Re: Chinese in VB

From: Doug Ewell (dewell@adelphia.net)
Date: Mon Oct 14 2002 - 01:39:57 EDT

  • Next message: Michael Everson: "Re: Manchu/Mongolian in Unicode"

    <violet@time.net.my> wrote:

    > I am trying to write an application that can read input in Tradisional
    > Chinese but output (printout on papers)in Simplified Chinese, without
    > any 3rd party software (e.g. ChineseStar, TwinBridge).
    >
    > How can I implement Unicode in the coding? The programming language
    > I'm using is Ms Visual Basic 6 Professional Edition.

    It depends on how much of the problem you want to solve. Mapping
    between Traditional Chinese (TC) and Simplified Chinese (SC) is *not*
    generally 1-to-1, despite what many people believe. It could be
    1-to-many, many-to-1, or even many-to-many, depending on which
    character(s) are involved.

    Some TC characters have different SC "equivalents" depending on which
    meaning of the word is intended. And not every TC character ever
    invented has an SC equivalent. There is even at least one character A
    that is both the traditional form of some character B *and* the
    simplified form of another character C!

    TC/SC equivalence in the general case is a linguistic problem.
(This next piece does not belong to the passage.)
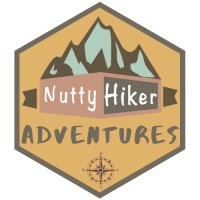 Nutty Hiker Photography logo, Nutty Hiker Photography contact details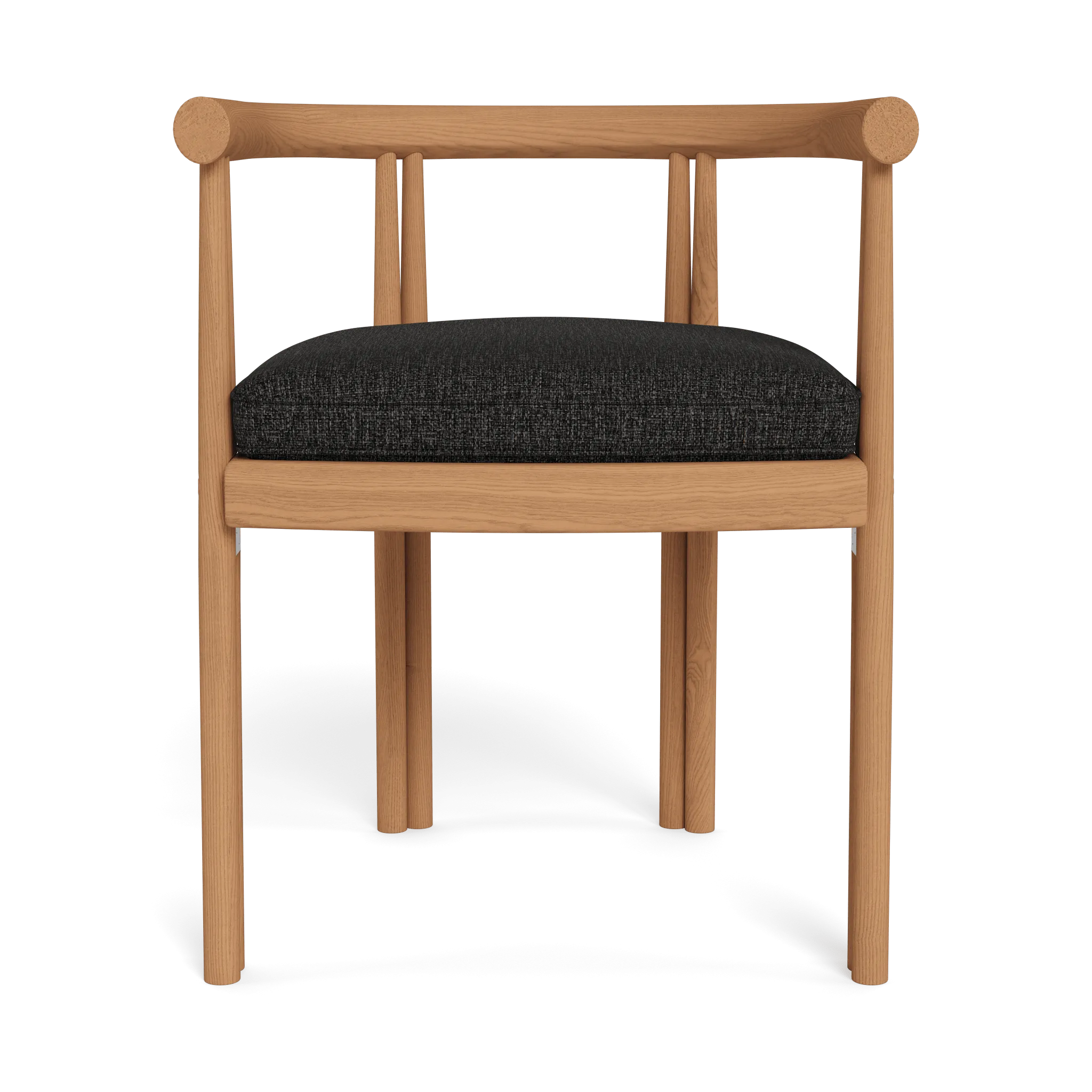 Cove Teak Dining Chair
The
    Unicode Standard is a character encoding standard, not a linguistic
    standard, so it does not attempt to provide definitive TC/SC mapping
    tables. The official Unicode Han database:

    http://www.unicode.org/Public/UNIDATA/Unihan.txt

    does include fields called "kSimplifiedVariant" and
    "kTraditionalVariant," which may be of some assistance. But as you will
    see, only 2629 "simplified variants" and 2554 "traditional variants" are
    listed, for tens of thousands of Han characters.

    A group of mainland Chinese and Taiwanese industry specialists have
    tried (unsuccessfully) to establish a TC/SC conversion layer within the
    forthcoming internationalized domain name (IDN) architecture. Their
    document includes a list of about 2000 1-to-1 TC/SC pairs taken from
    official Chinese and Taiwanese references. It explicitly does not
    propose a solution for the non-1-to-1 conversion cases, but dismisses
    these cases as uncommon. The document (draft-ietf-idn-tsconv-02.txt)
    has expired from the IETF timetable and is no longer available, but I
    can supply a copy if you are still interested.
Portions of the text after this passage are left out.